What this task involves: After locating the line that contains "Syndrome Neotribal Tatto Design" in the data below, set down exactly that line and each one after it through the line that contains "Re/Max Blue Chip", and nothing more.

The data:
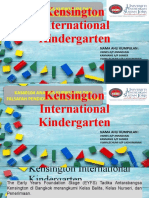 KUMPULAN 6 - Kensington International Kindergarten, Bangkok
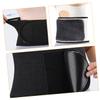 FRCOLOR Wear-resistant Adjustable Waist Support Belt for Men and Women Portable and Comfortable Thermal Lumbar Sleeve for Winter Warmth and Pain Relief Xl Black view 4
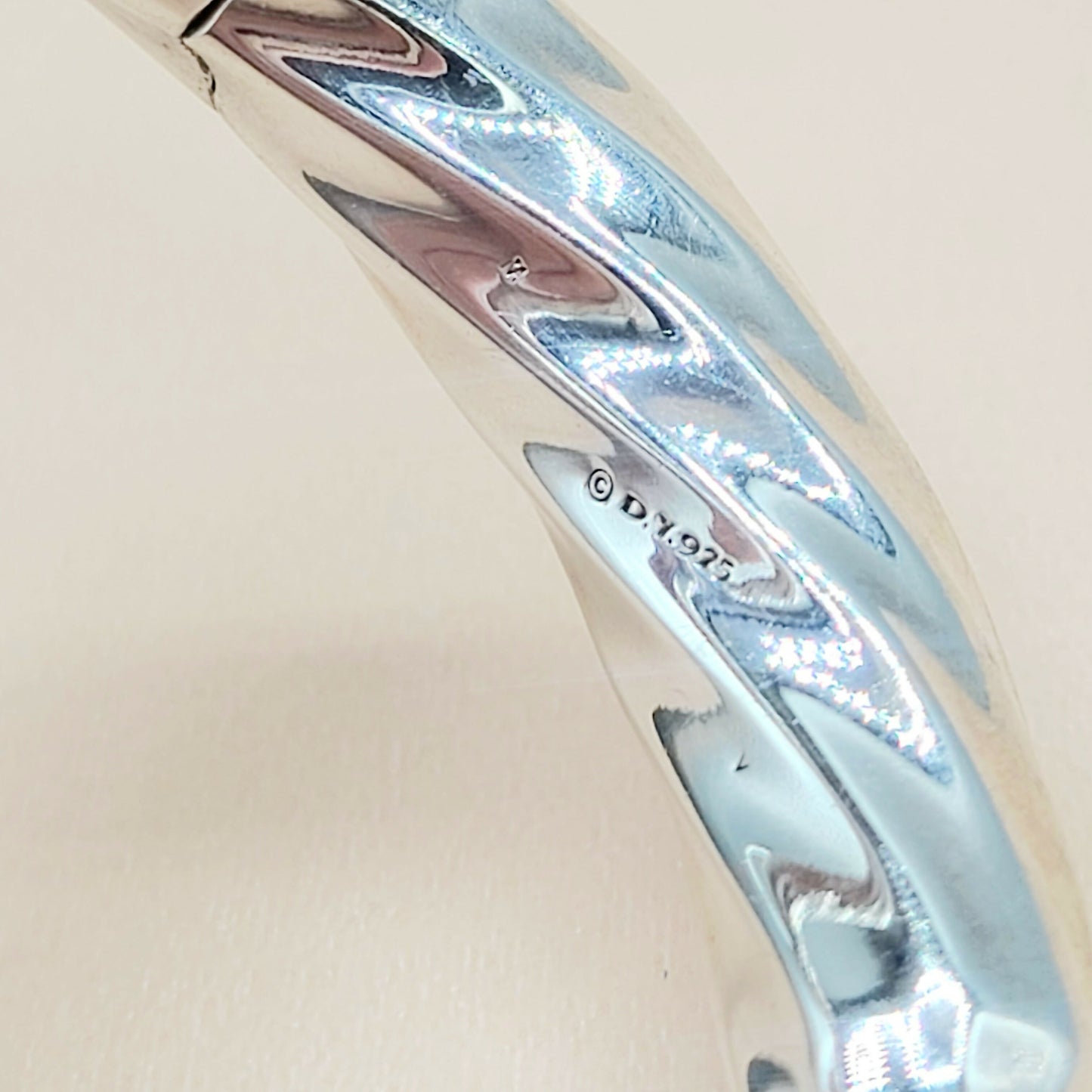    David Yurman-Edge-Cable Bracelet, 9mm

---

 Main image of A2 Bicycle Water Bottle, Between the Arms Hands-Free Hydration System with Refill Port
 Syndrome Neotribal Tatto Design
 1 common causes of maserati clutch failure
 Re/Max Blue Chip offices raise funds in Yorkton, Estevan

---

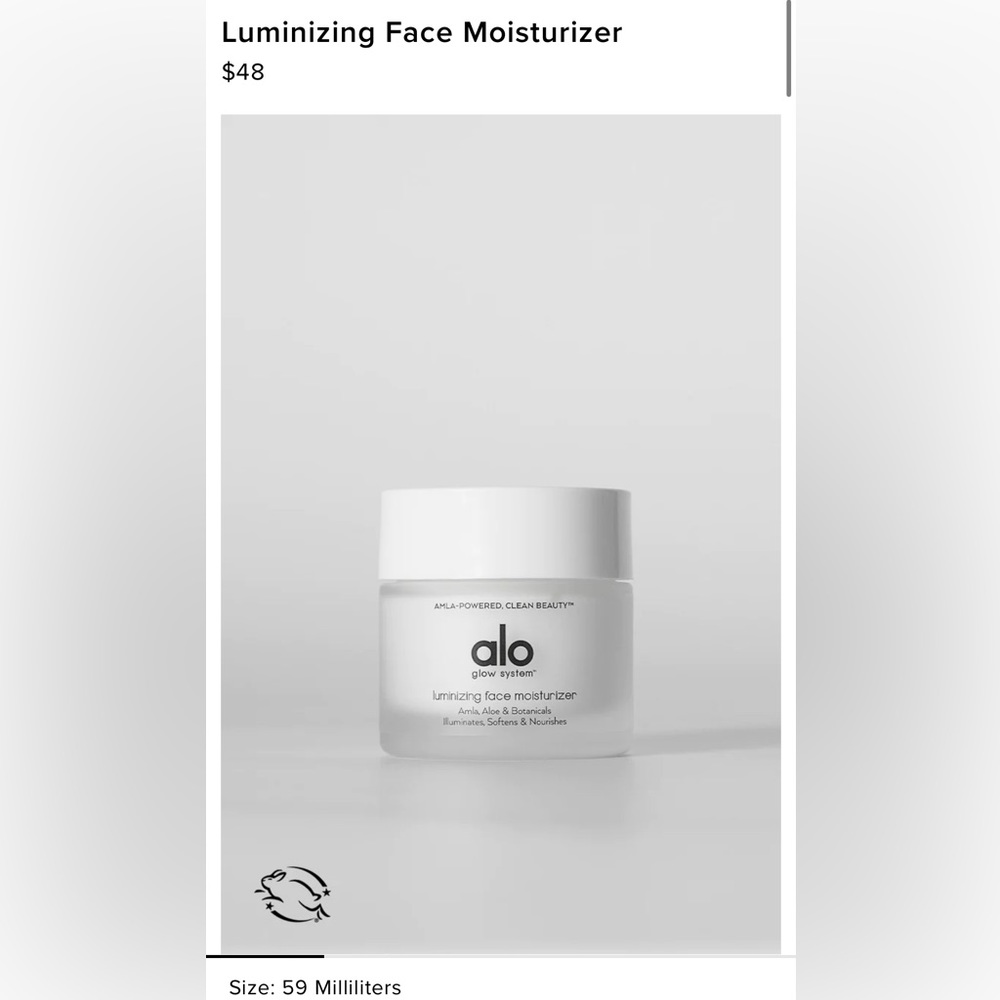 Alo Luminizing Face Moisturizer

Finished task:
 Syndrome Neotribal Tatto Design
 1 common causes of maserati clutch failure
 Re/Max Blue Chip offices raise funds in Yorkton, Estevan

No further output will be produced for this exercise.